(Crawled caption data)
◇ ◇ ◇ ◇ ◇ ◇ ◇

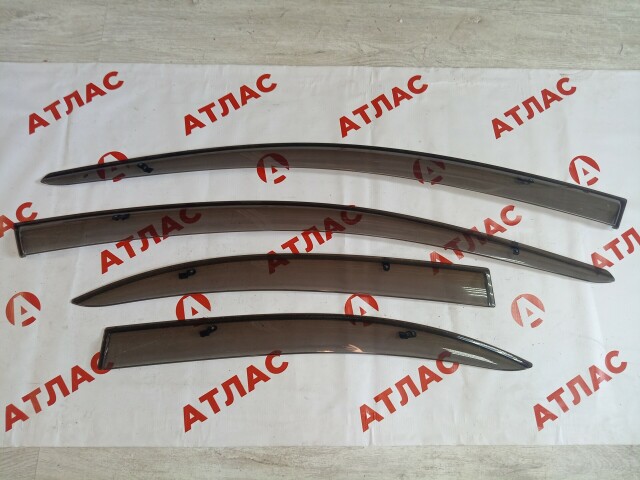 Ветровик MITSUBISHI Galant Fortis 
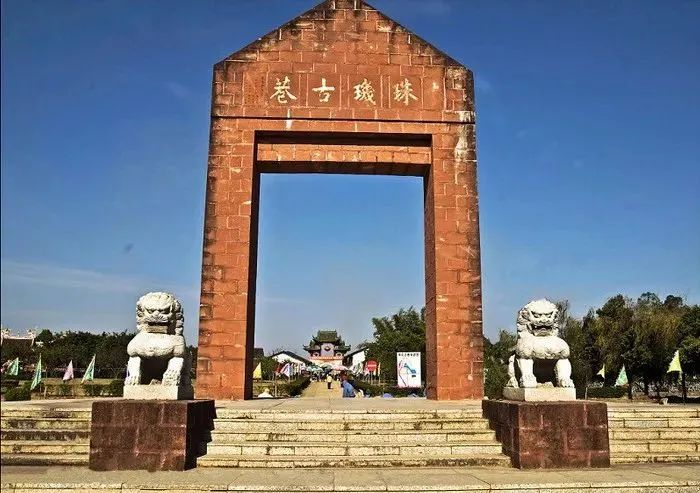 黄花遍地缀珠玑，广府人称是故居。（图片来源：韶关发布）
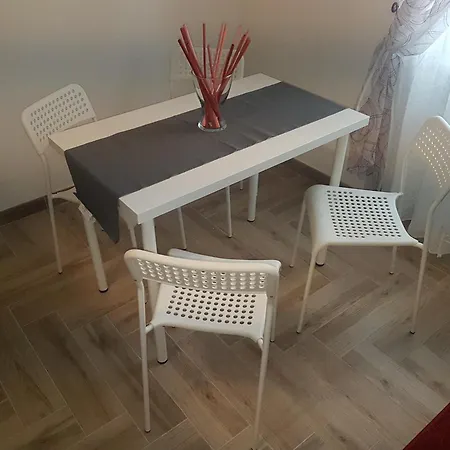Italy Santa Rita Apartment *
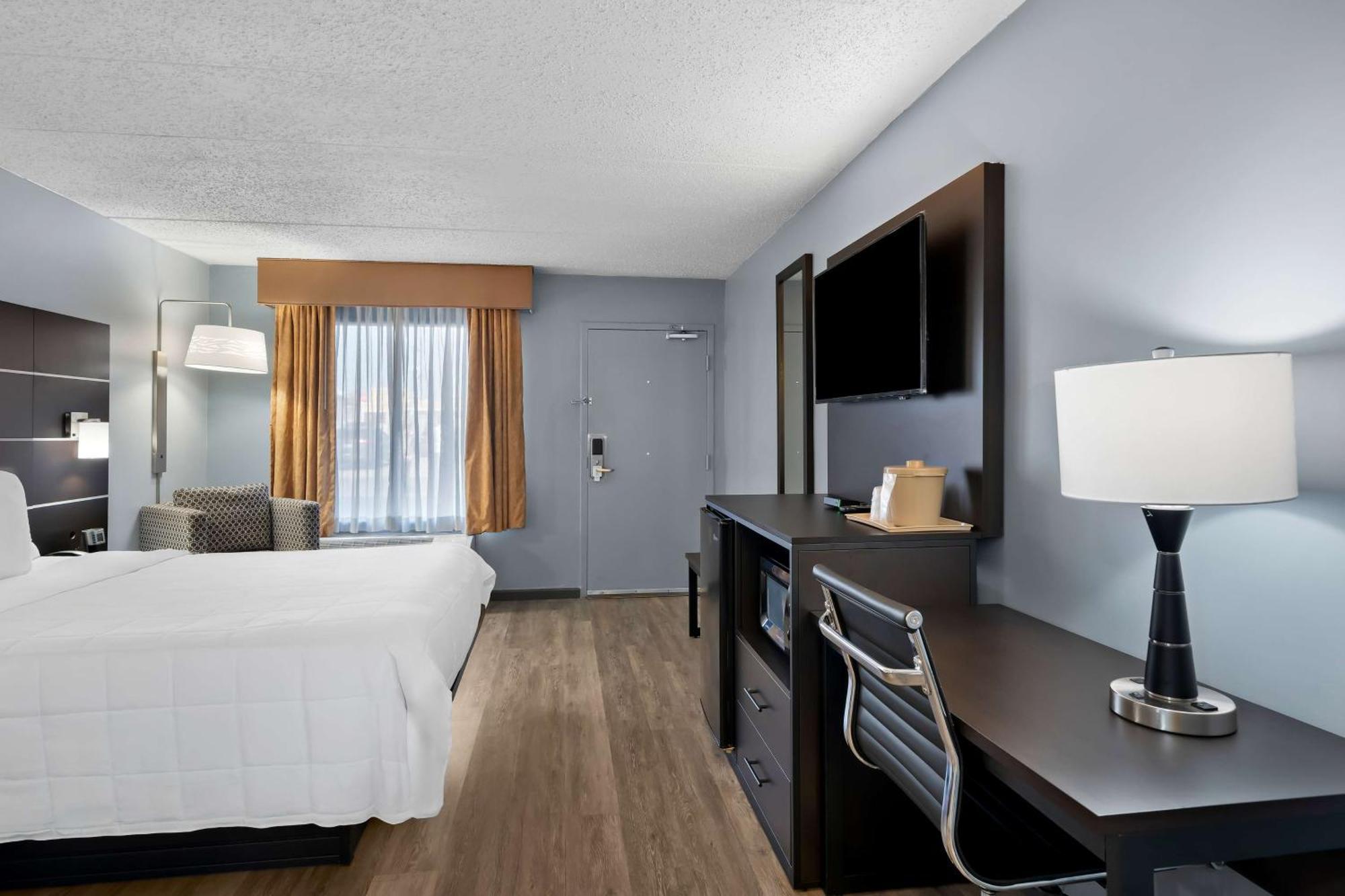 Brandywine Valley Inn Surestay Plus By Best Western Wilmington Exterior photo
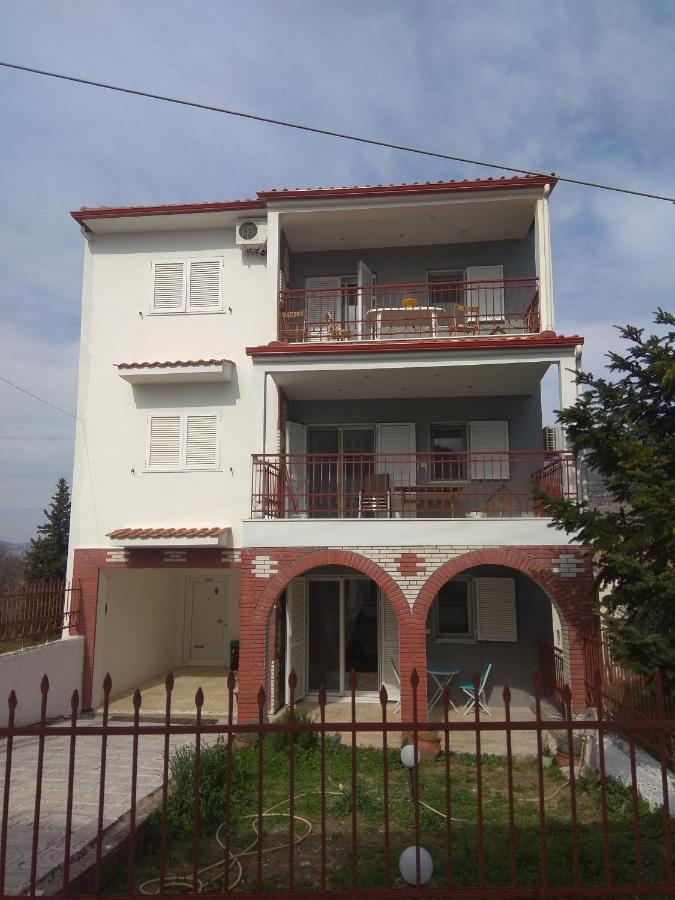 Villa Agnanti Apts And Suites Agio Pnevma Kültér fotó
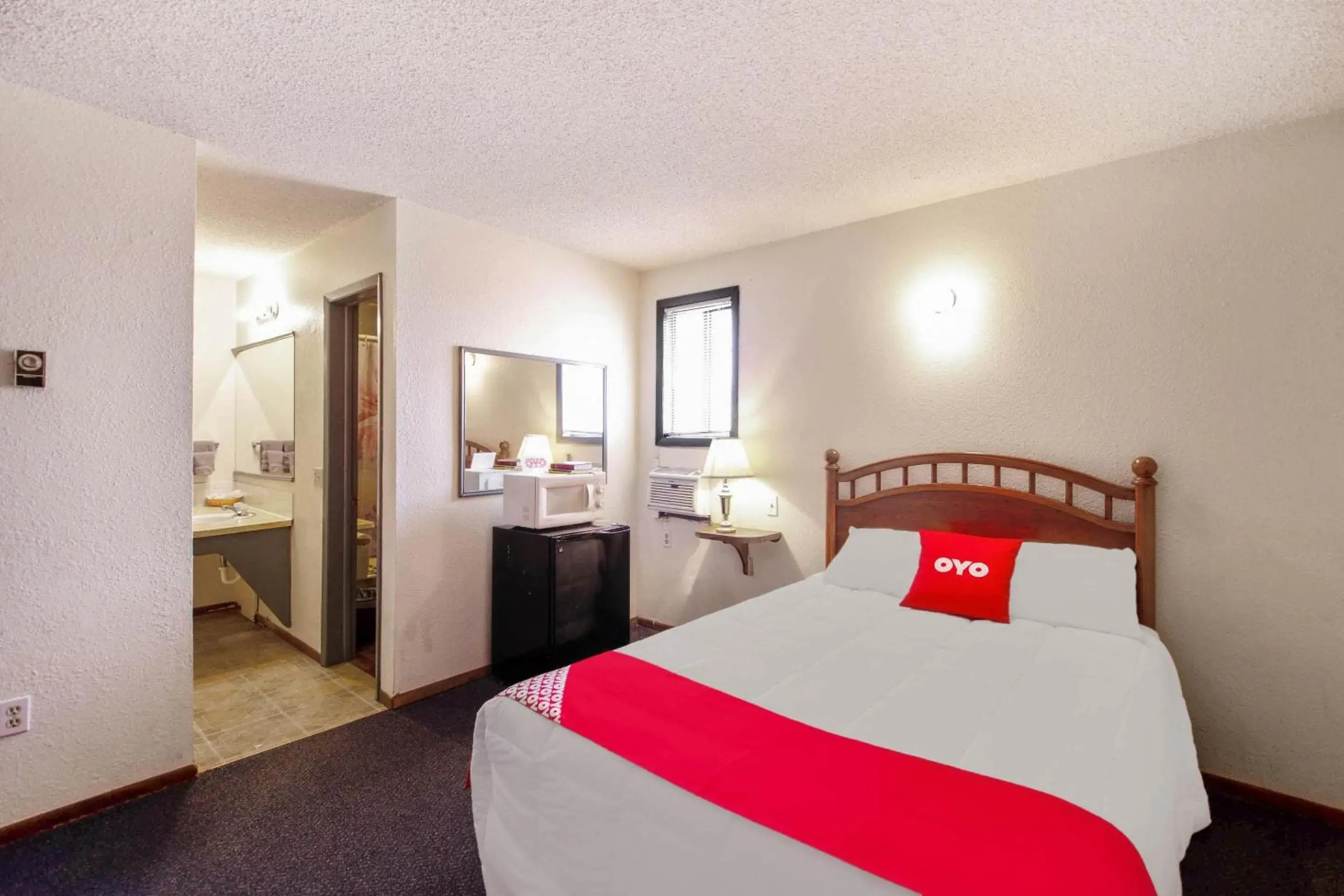 Bedroom, Bed in OYO Hotel Cheyenne Wells - US 40 Bedroom, Bed in OYO Hotel Cheyenne Wells - US 40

◇ ◇ ◇ ◇ ◇ ◇ ◇

## Work instructions
Once the pictures are removed, repeat all of the data above exactly.

## Response for this exercise
 Ветровик MITSUBISHI Galant Fortis 
 黄花遍地缀珠玑，广府人称是故居。（图片来源：韶关发布）
Italy Santa Rita Apartment *
 Brandywine Valley Inn Surestay Plus By Best Western Wilmington Exterior photo
 Villa Agnanti Apts And Suites Agio Pnevma Kültér fotó
 Bedroom, Bed in OYO Hotel Cheyenne Wells - US 40 Bedroom, Bed in OYO Hotel Cheyenne Wells - US 40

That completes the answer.